One thing PostgreSQL does not make nice is sum types or parametric types. But even if the value here is stored as text it can be easily cast to a number by the user. And again, we're not going to support nested objects/arrays. But using hstore for key-values might be the better alternative if we wanted to build a real JSON parser.
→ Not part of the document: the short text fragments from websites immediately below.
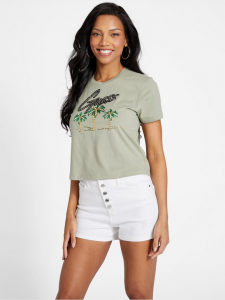 GUESS Eco Embellished Palms Tee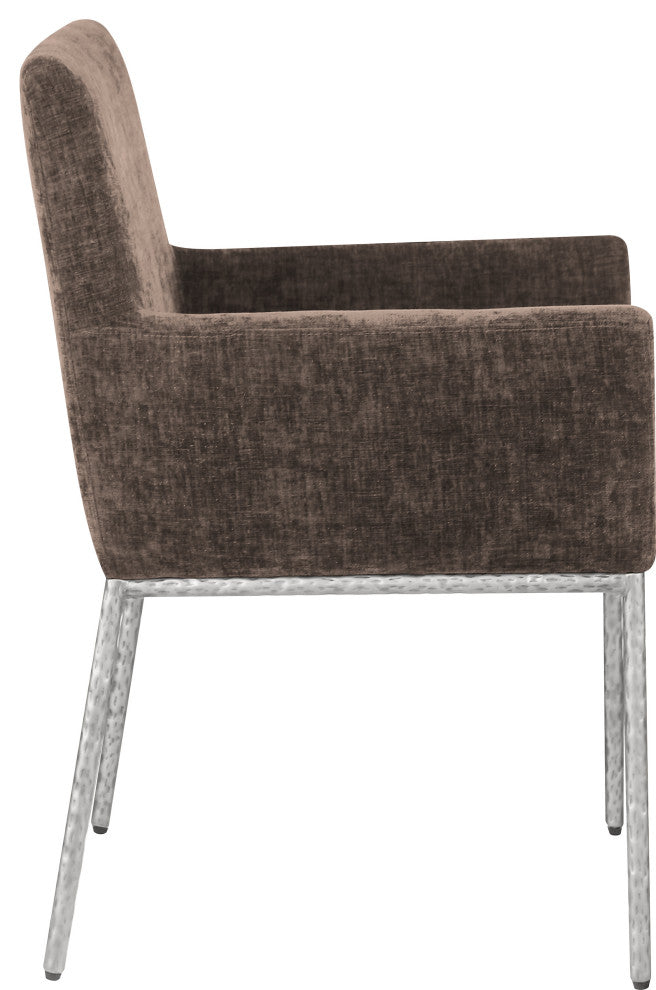 Reeves Upholstered Dining Chair, Brown, Chenille , AC, Brushed Silver, Set of 2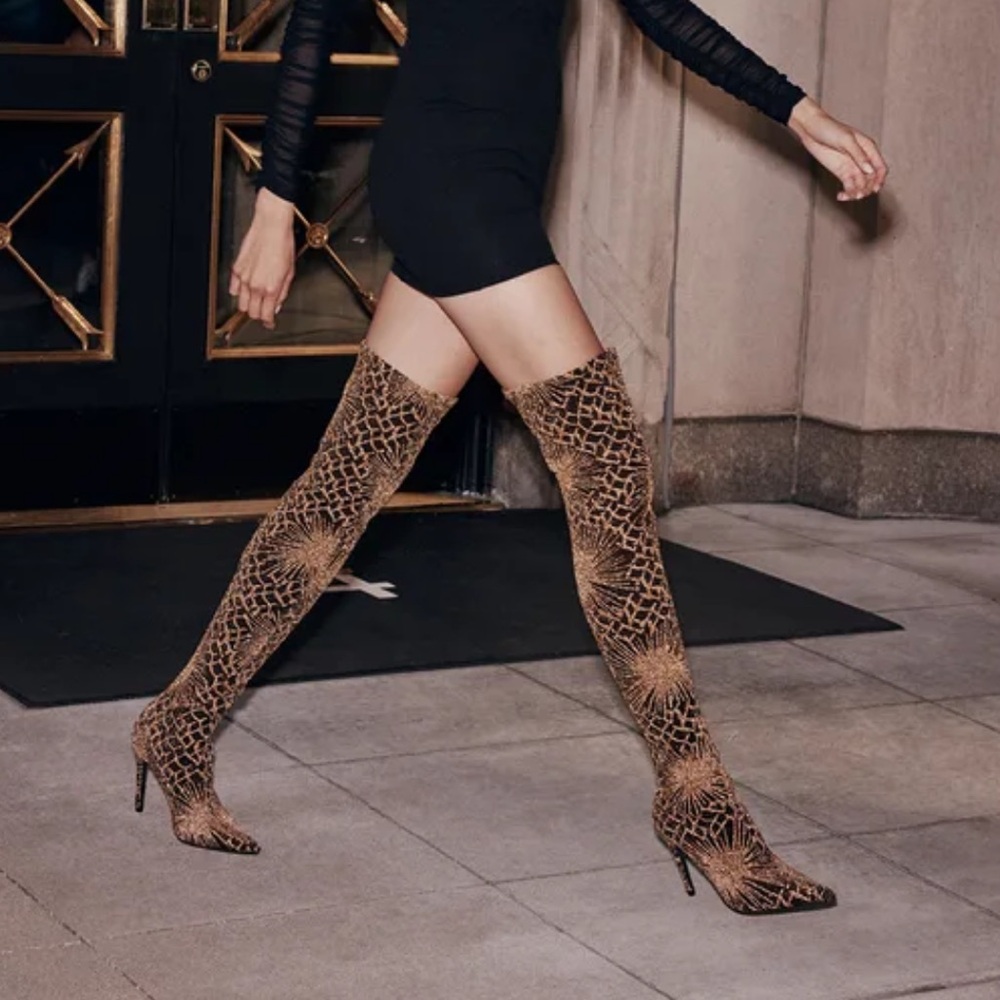 Lulu's Black and Tan Starburst Over-the-Knee Sock Boots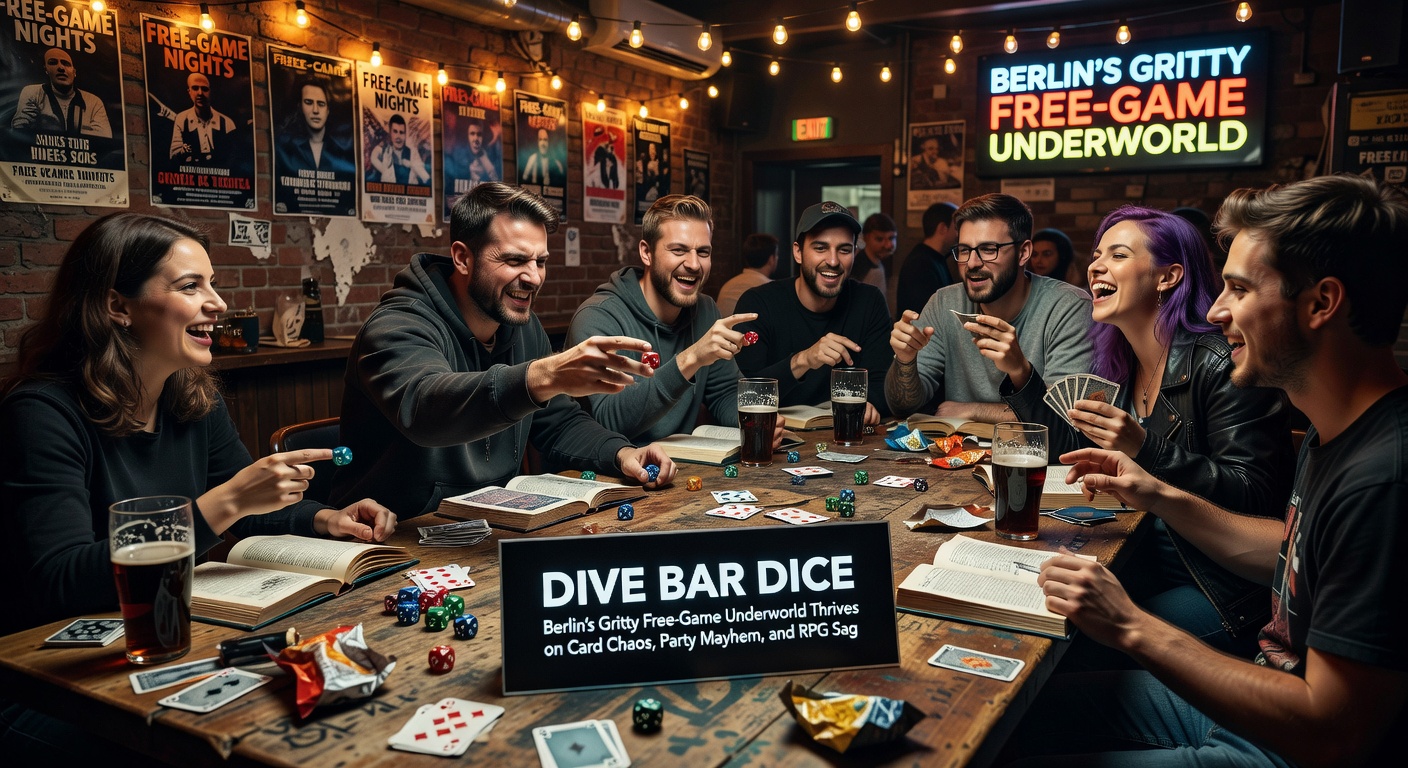 Eine Gruppe junger Erwachsener in einer vollen Dive Bar spielt Karten und Würfelspiele, mit Gläsern und Zigarettenqualm im Hintergrund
CREATE OR REPLACE FUNCTION json_parse(ts json_token[], i int) RETURNS json_key_value[] AS $$
DECLARE
  t json_token; -- Current token in tokens loop
  kvs json_key_value[];
  k text;
BEGIN
  t = ts[i];

  IF t.kind <> 'syntax' OR t.value <> '{' THEN
    RAISE EXCEPTION 'Invalid JSON, must be an object, got: %.', t;
  END IF;
  i = i + 1;
  t = ts[i];

First up in the parser is variable declarations and validating that this list of tokens represents a JSON object.
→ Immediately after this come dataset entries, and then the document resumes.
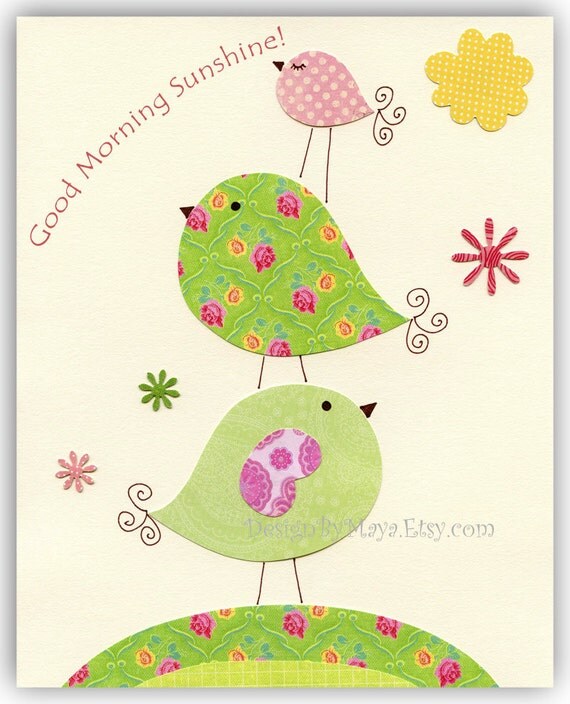 Baby girl room Decor, Nursery wall art, Love birds..Good morning Sunshine, pink and green nursery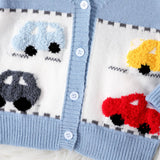 Toddler Vehicle Pattern Button Up Sweater by PatPat - Detail View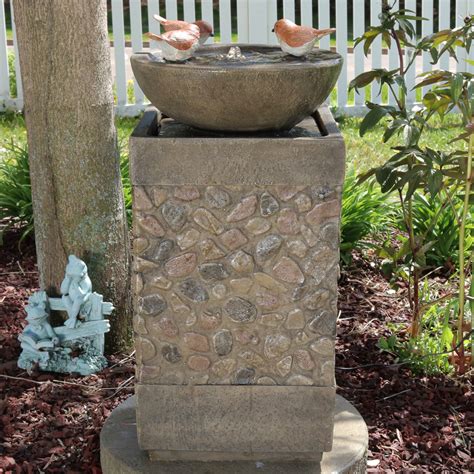 Sunnydaze Three Bathing Birds Outdoor Birdbath Water Fountain with LED ...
  WHILE t.kind <> 'syntax' OR t.value <> '}' LOOP
    IF array_length(kvs, 1) > 0 THEN
      IF t.kind <> 'syntax' OR t.value <> ',' THEN
        RAISE EXCEPTION 'JSON key-value pair must be followed by a comma or closing brace, got: %.', t;
      END IF;

      i = i + 1;
      t = ts[i];
    END IF;

Then we loop to find each key-value pair. If one has already been found, we need to find a comma before the next pair.
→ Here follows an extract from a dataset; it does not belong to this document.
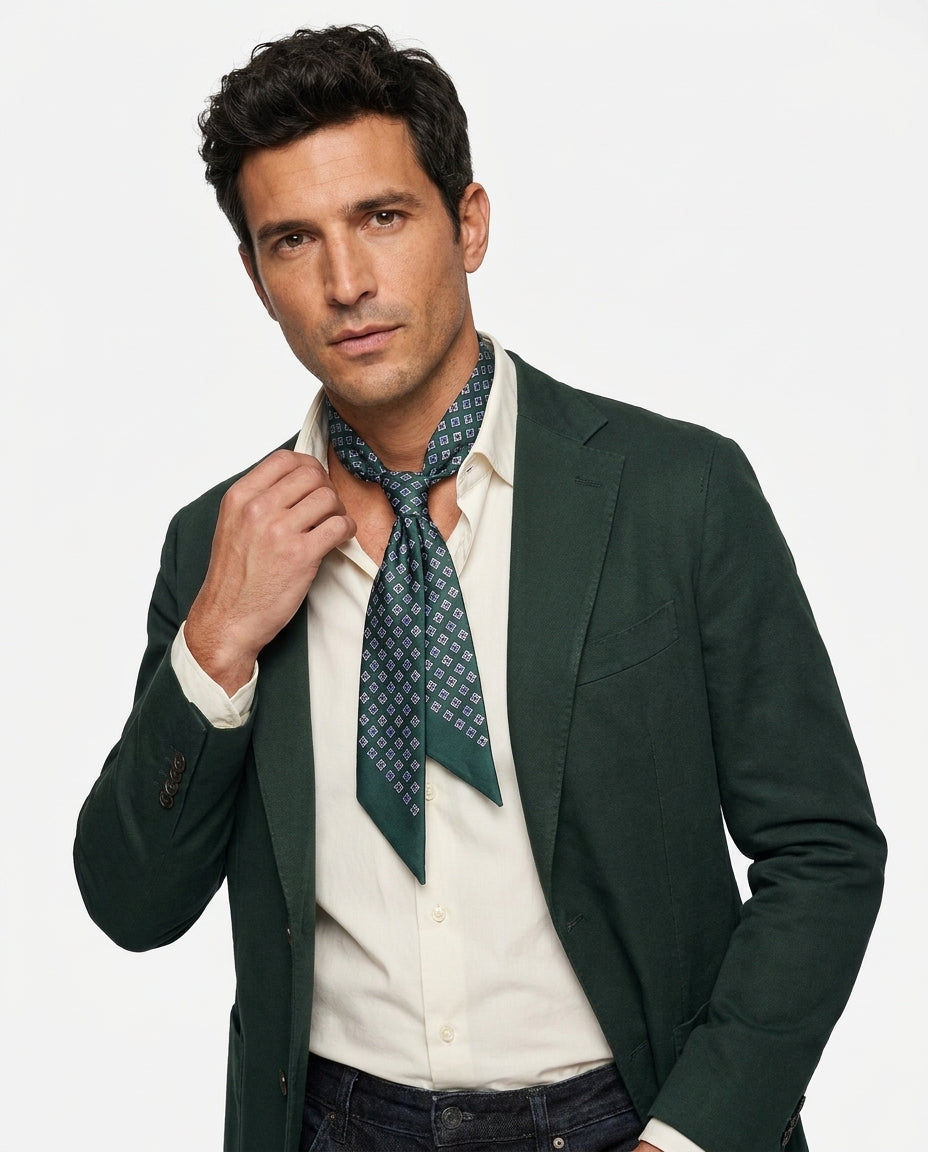 Twilly verde in seta twill VICKY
    IF t.kind <> 'string' THEN
      RAISE EXCEPTION 'JSON object must start with string key, got: %.', t;
    END IF;
    k = t.value;

    i = i + 1;
    t = ts[i];
    IF t.kind <> 'syntax' OR t.value <> ':' THEN
      RAISE EXCEPTION 'JSON object must start with string key followed by colon, got: %.', t;
    END IF;

    i = i + 1;
    t = ts[i];
    IF t.kind = 'number' OR t.kind = 'string' THEN
      kvs = array_append(kvs, (k, t)::json_key_value);
      i = i + 1;
      t = ts[i];
      CONTINUE;
    END IF;

    RAISE EXCEPTION 'Invalid key-value pair syntax, got: %.', t;
  END LOOP;

  RETURN kvs;
END;
$$ LANGUAGE plpgsql;

Then we just look for the key, colon, value syntax and fail if we don't see it. And that's it! Very simple when not dealing with arrays and nested objects.

Helpers

Lastly it would just be nice to have a single function that calls lex and parse:

CREATE OR REPLACE FUNCTION json_from_string(s text) RETURNS json_key_value[] AS $$
BEGIN
  RETURN json_parse(json_lex(s), 1);
END;
$$ LANGUAGE plpgsql;

And another function to look up a value in a parsed object by key:

CREATE OR REPLACE FUNCTION json_get(kvs json_key_value[], key text) RETURNS text AS $$
DECLARE
  kv json_key_value;
BEGIN
  FOREACH kv IN ARRAY kvs LOOP
    IF kv.k = key THEN RETURN (kv.v::json_token).value; END IF;
  END LOOP;

  RAISE EXCEPTION 'Key not found.';
END;
$$ LANGUAGE plpgsql;

And we're all set!

Testing

Let's try some bad syntax (missing a comma between pairs):

./test.sh ./json.sql "SELECT json_get(json_from_string('{\"flubberty\": 12 \"nice\": \"a\"}'), 'ipo')"
ERROR:  JSON key-value pair must be followed by a comma or closing brace, got: (string,nice).
CONTEXT:  PL/pgSQL function json_parse(json_token[],integer) line 18 at RAISE
PL/pgSQL function json_from_string(text) line 3 at RETURN

Sweet, it fails correctly.

Now correct syntax but missing key:

./test.sh ./json.sql "SELECT json_get(json_from_string('{\"flubberty\": 12, \"nice\": \"a\"}'), 'ipo')"
ERROR:  Key not found.
CONTEXT:  PL/pgSQL function json_get(json_key_value[],text) line 9 at RAISE

And finally, correct syntax and existing key:

./test.sh ./json.sql "SELECT json_get(json_from_string('{\"flubberty\": 12, \"nice\": \"a\"}'), 'flubberty')"
 json_get
----------
 12
(1 row)

Huzzah! Now hopefully PL/pgSQL is a little less scary to you, whether or not you decide to use it.